_Requirement:_ Set down precisely the lines from the line with "A-line Chiffon Appliques" through the end of the material, inclusive, and no pictures.

_Raw data:_
BEGIN
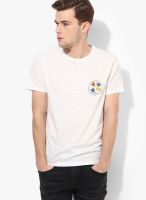 Incult Off White Printed Round Neck T-Shirts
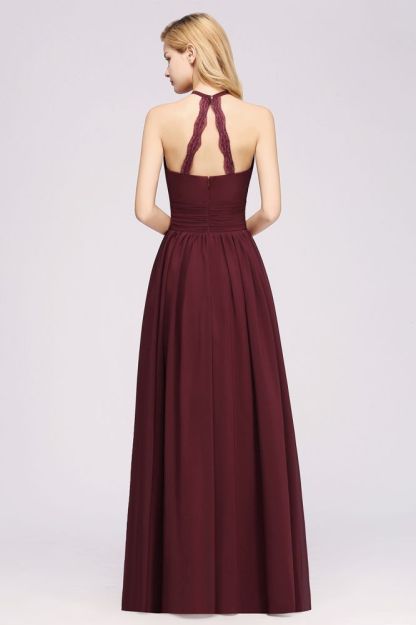 A-line Chiffon Appliques Halter Sleeveless Floor-Length Bridesmaid Dresses with Ruffles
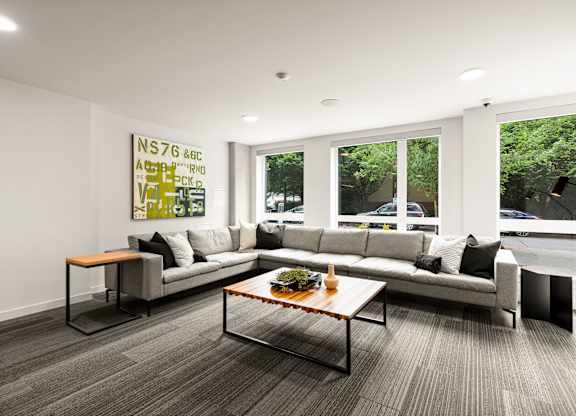 Modern Living Room with Windows at Axle, Seattle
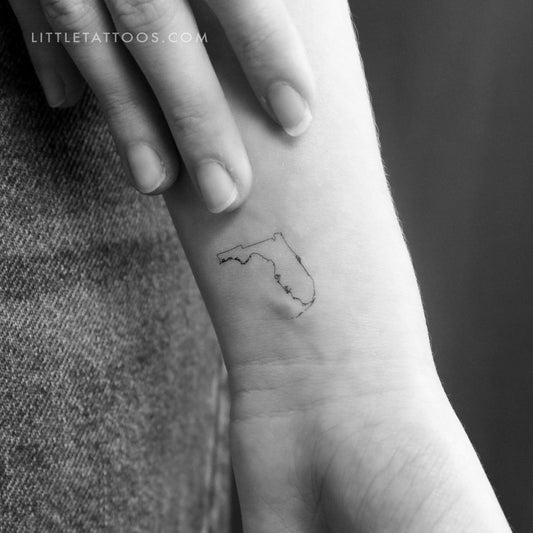 Florida Map Outline Temporary Tattoo - Set of 3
END
_Written response:_
 A-line Chiffon Appliques Halter Sleeveless Floor-Length Bridesmaid Dresses with Ruffles
 Modern Living Room with Windows at Axle, Seattle
 Florida Map Outline Temporary Tattoo - Set of 3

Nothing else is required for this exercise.